The mechanisms of immune reaction involved in the pathogenesis and clinical course of acute vascular incidents are still not completely understood. The aim of this study was to examine the presence of immune complexes (IC) in the acute stroke setting and the first month thereafter and to characterize IC by analyzing the contents of chlamydial lipopolysaccharide and anti-cytomegalovirus (CMV) antibodies in IC.
Serum concentration of IC was investigated in 179 stroke patients, 122 "old" controls and 112 "young" controls, by the precipitation method. The presence of chlamydial lipopolisaccharyde and anti-CMV antibodies was investigated in some IC preparations by the ELISA method after earlier dissociation of IC into components by high pH treatment.

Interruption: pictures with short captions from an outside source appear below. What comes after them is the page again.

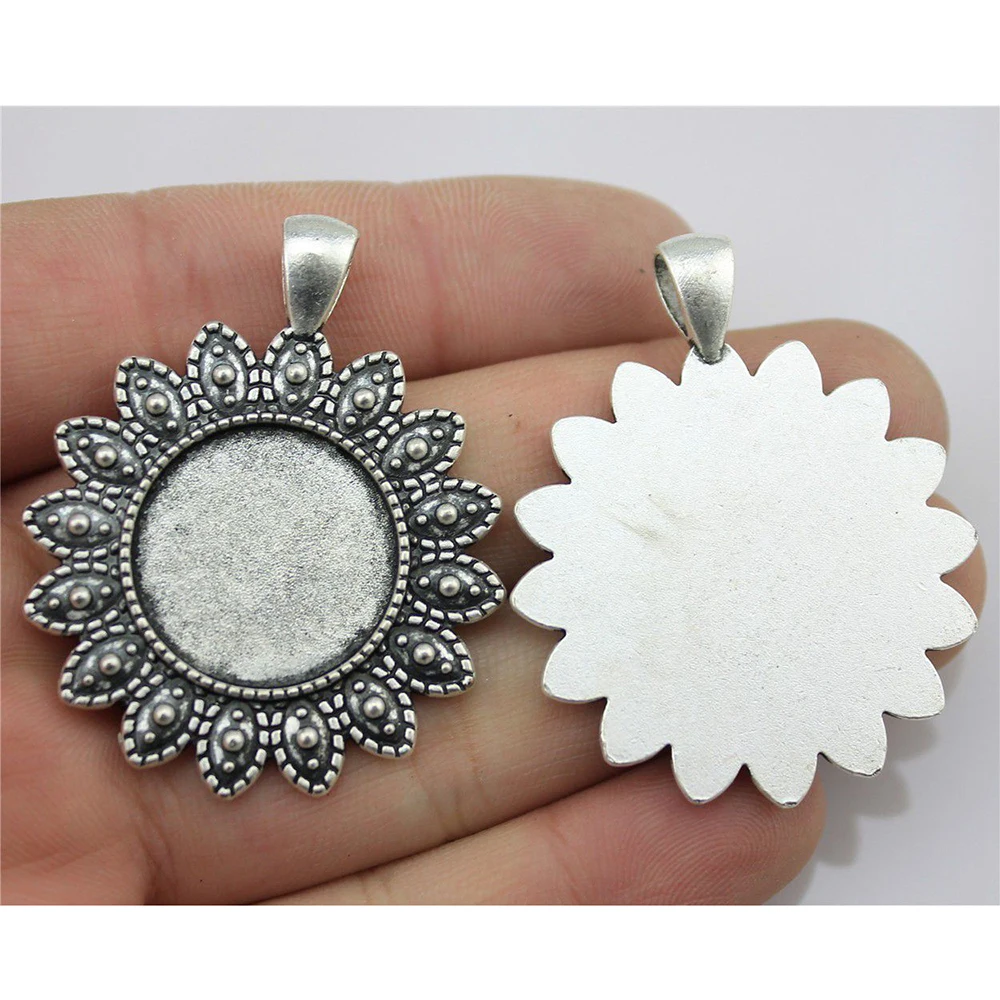 WYSIWYG 3pcs 20mm Inner Size Antique Silver Color Flower Cameo Cabochon Base Setting Charms Pendant Jewelry Accessories
WYSIWYG 3pcs 20mm Inner Size Antique Silver Color Flower Cameo Cabochon Base Setting Charms Pendant Jewelry Accessories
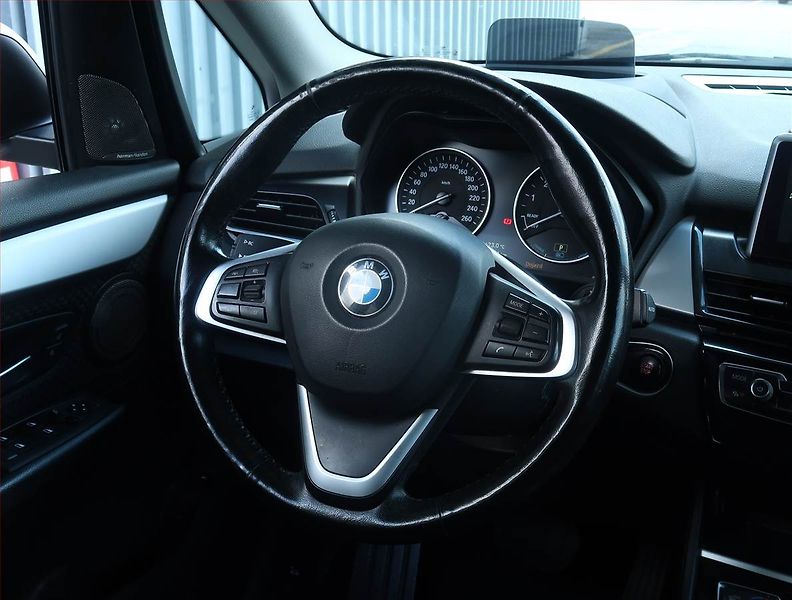 BMW Řada 2 (2017) 225xe Active Tourer, 4X4 - fotka 25 z 27
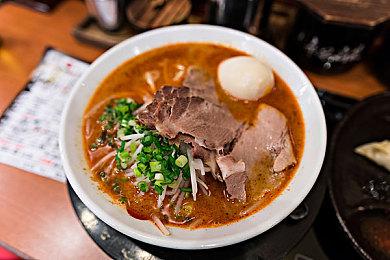 《瘟疫传说：安魂曲》4090显卡8K超高画质效果展示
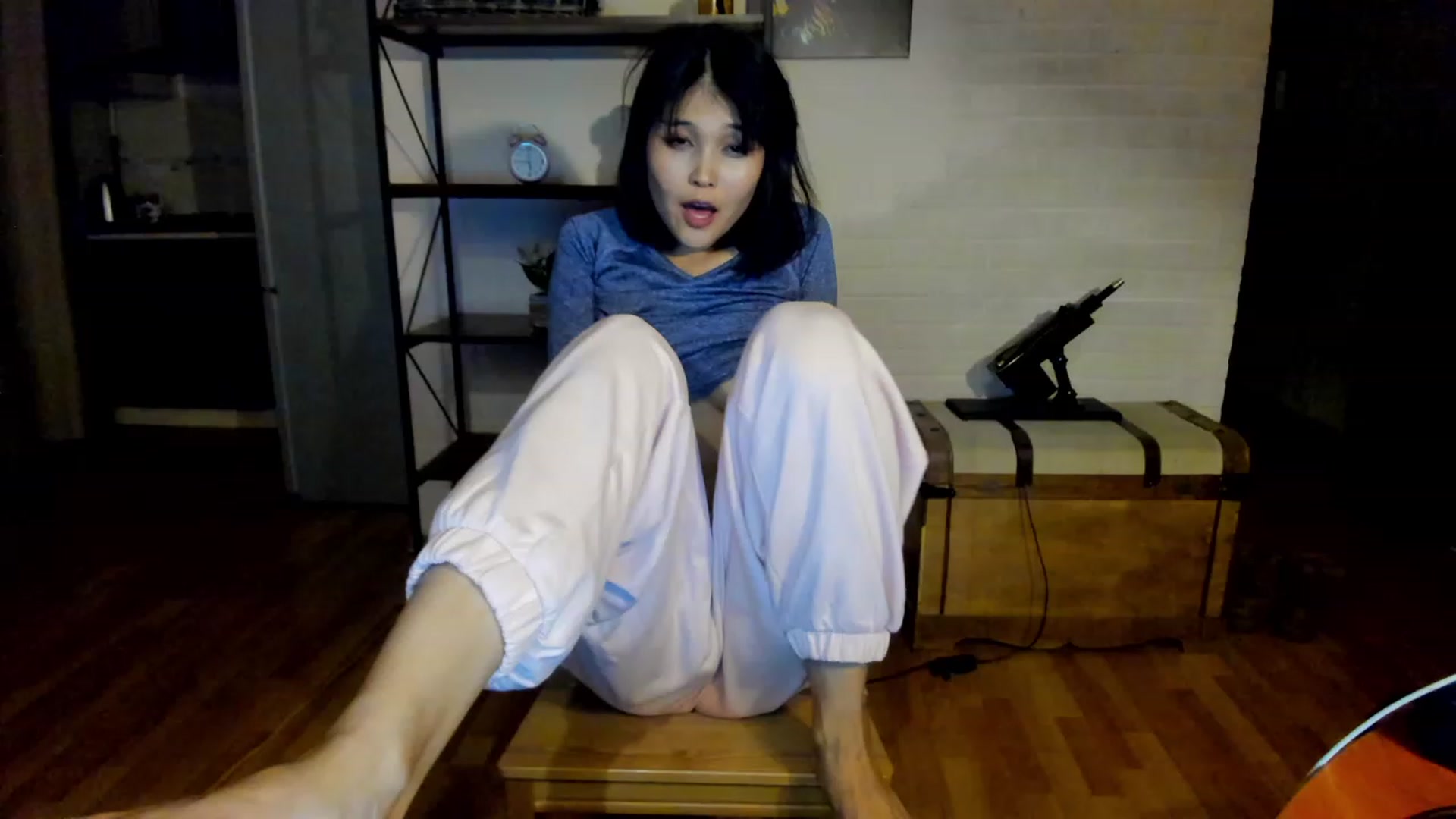 Gallery image thumbnail from PoofMe1's myfreecams stream on, 08/12/2023, 15:11 image 16 of 20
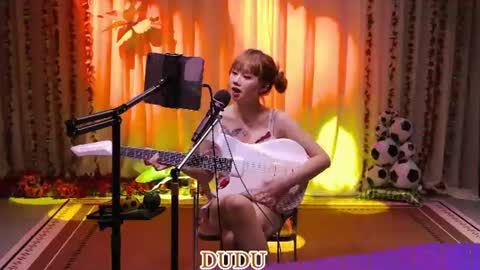 lankwaifong_cindy online show from 13, 6, 2026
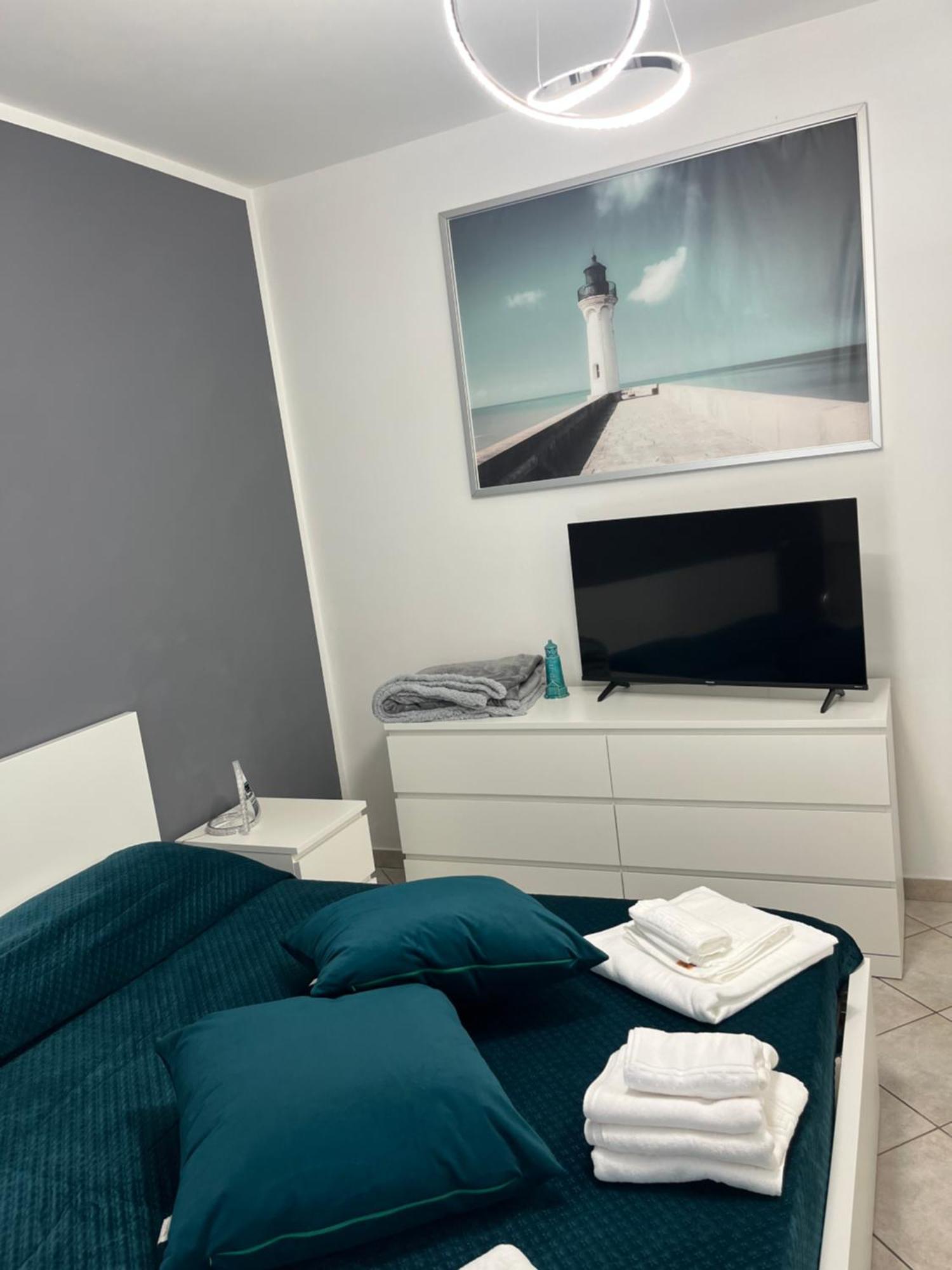 La Perla Del Mare - 9 Minutes From Fco Airport - Free Wifi E Netflix Apartment *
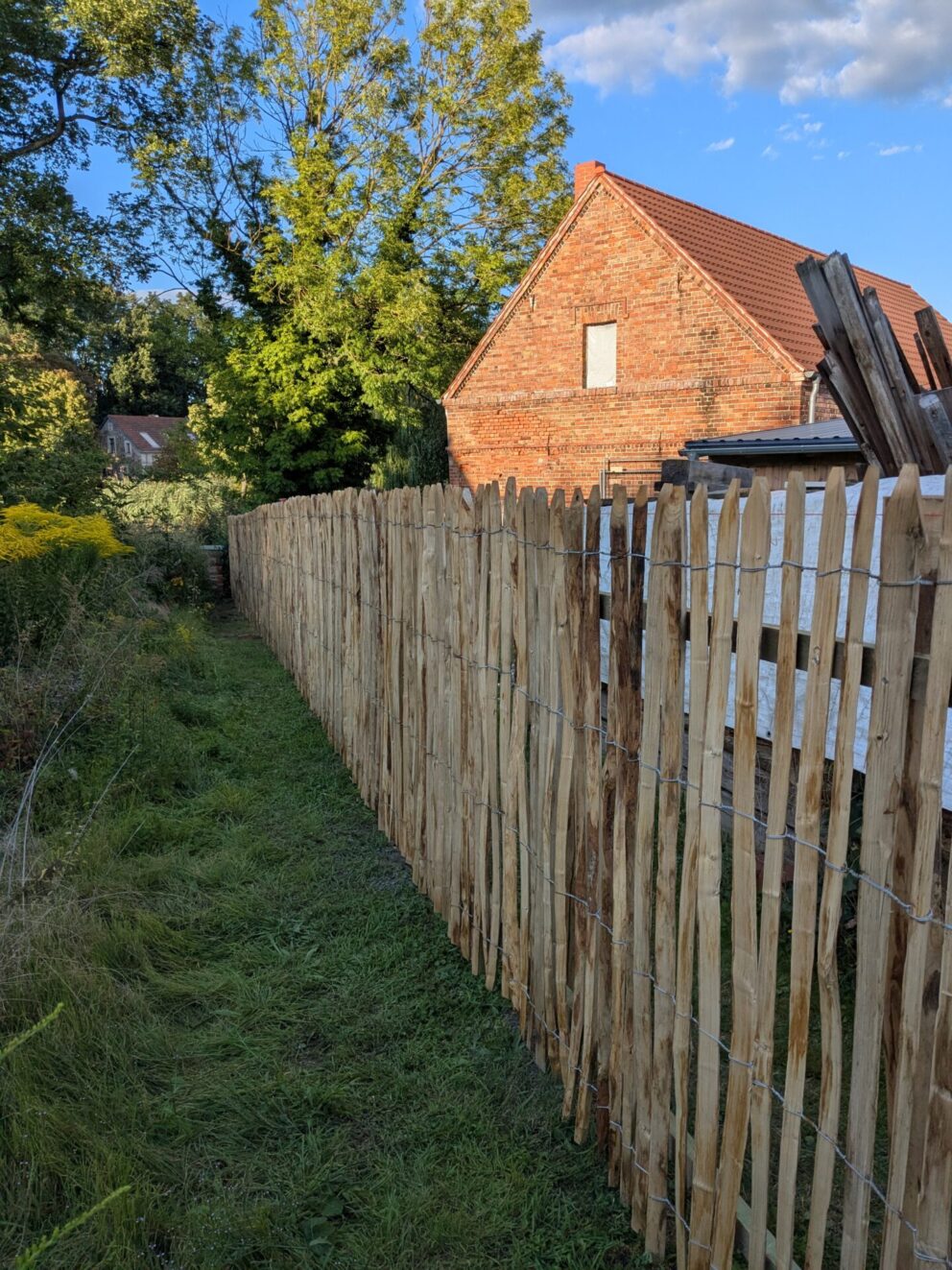 Fr. Staketenzaun Kastanien 150 cm hoch, Abstand 4 cm, 2x 5m Rolle und Kastanien Pfost 200 cm lang, Ø 7-9 cm - mit Spitze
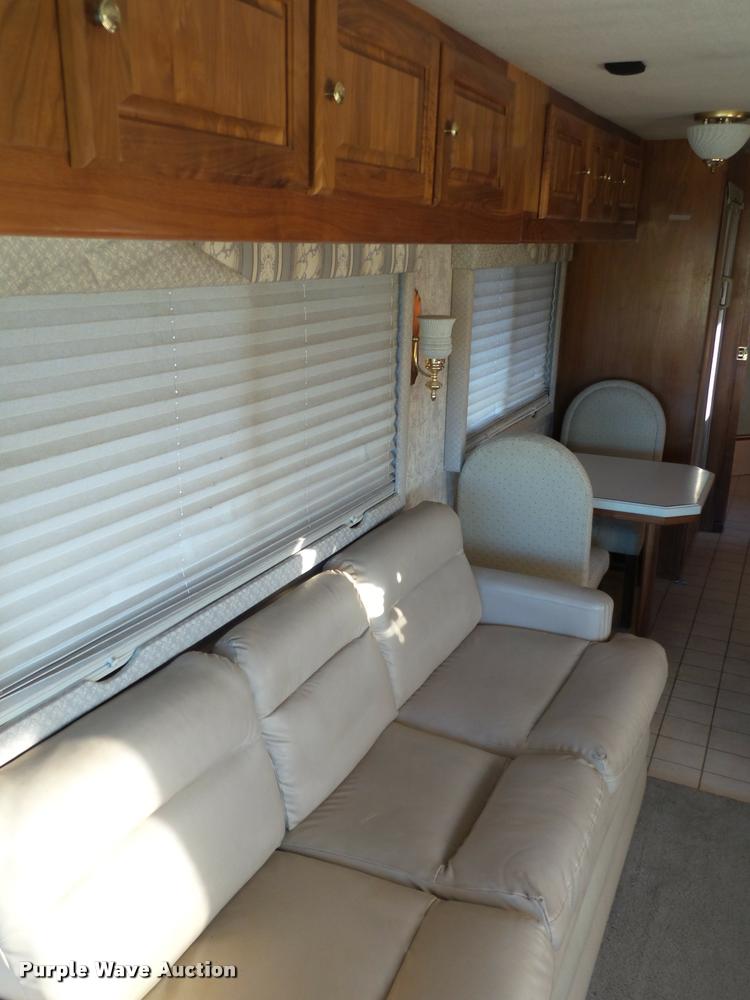 image for item BZ9242 1997 Monaco Executive RV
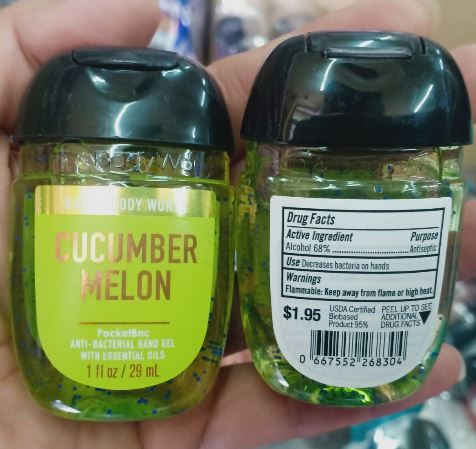 **พร้อมส่ง**Bath & Body Works Cucumber Melon PocketBac Sanitizing Hand Gel 29 ml. เจลล้างมือขนาดพกพาแบบไม่ต้องใช้น้ำ สูตรแอนตี้แบคทีเรีย ฆ่าแบคทีเรียได้ 99.9% กลิ่นนี้จะหอมออกแตงกว่าผสมเมลอนค่ะเป็นกลิ่นแนวสดชื่น หอมอ่อนๆ ใช้ได้ทั้งชายและหญิง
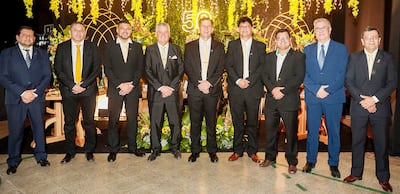 Consejo de Administración: Edgar Salinas, Artemio Aldama, Fabio Agüero, Ascencio Acosta, Mario Godoy, Ubaldo Ramírez, Juan Estigarribia, Adalberto Morínigo y Miguel Villagra.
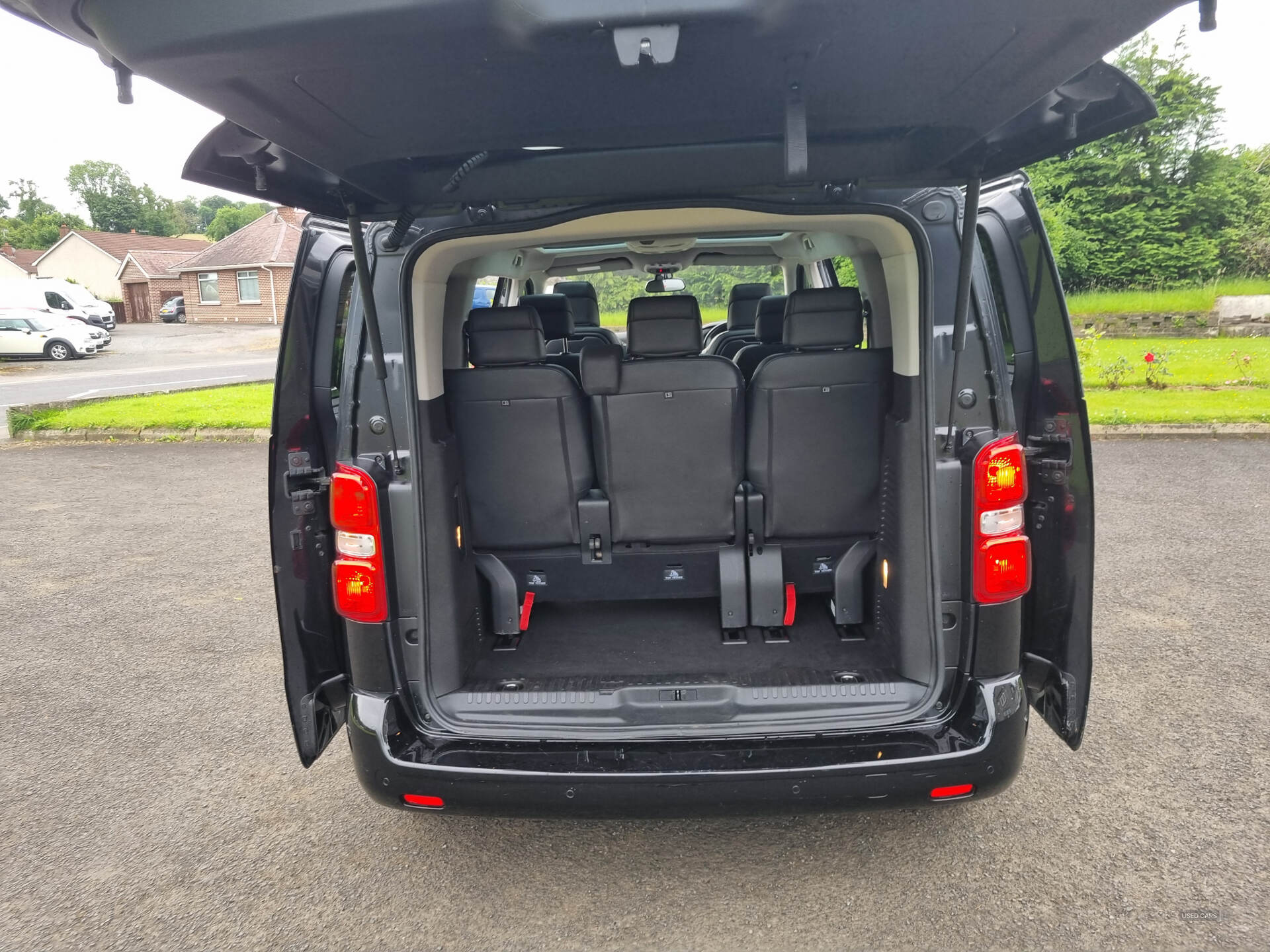 May 2019 Peugeot Traveller 2.0 BlueHDi 180 Allure Standard [8 Seat] 5dr EAT8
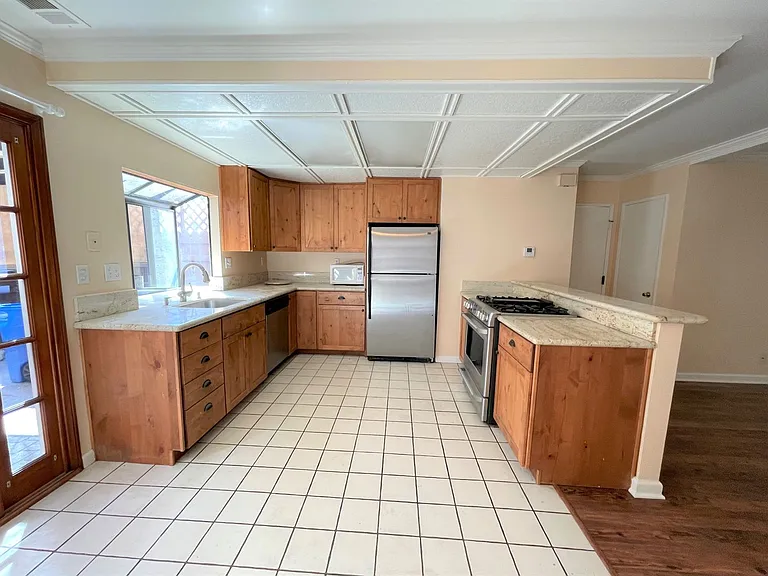 1206 Llama Ct — Photo 11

Significantly increased serum Je concentration in stroke patients was noticed. Increased serum IC concentration was revealed as an independent strong stroke risk factor and was connected with significantly worse neurological status and increased 30-day mortality rate. A significantly larger proportion of stroke patients than controls had Chlamydia pneumoniae antigen and anti-CMV antibodies in IC.
This study provides the first evidence of an association between increased serum level of IC and the clinical course of cerebral ischemia and identifies a potentially important association of C. pneumoniae and CMV-specific IC with stroke incidence.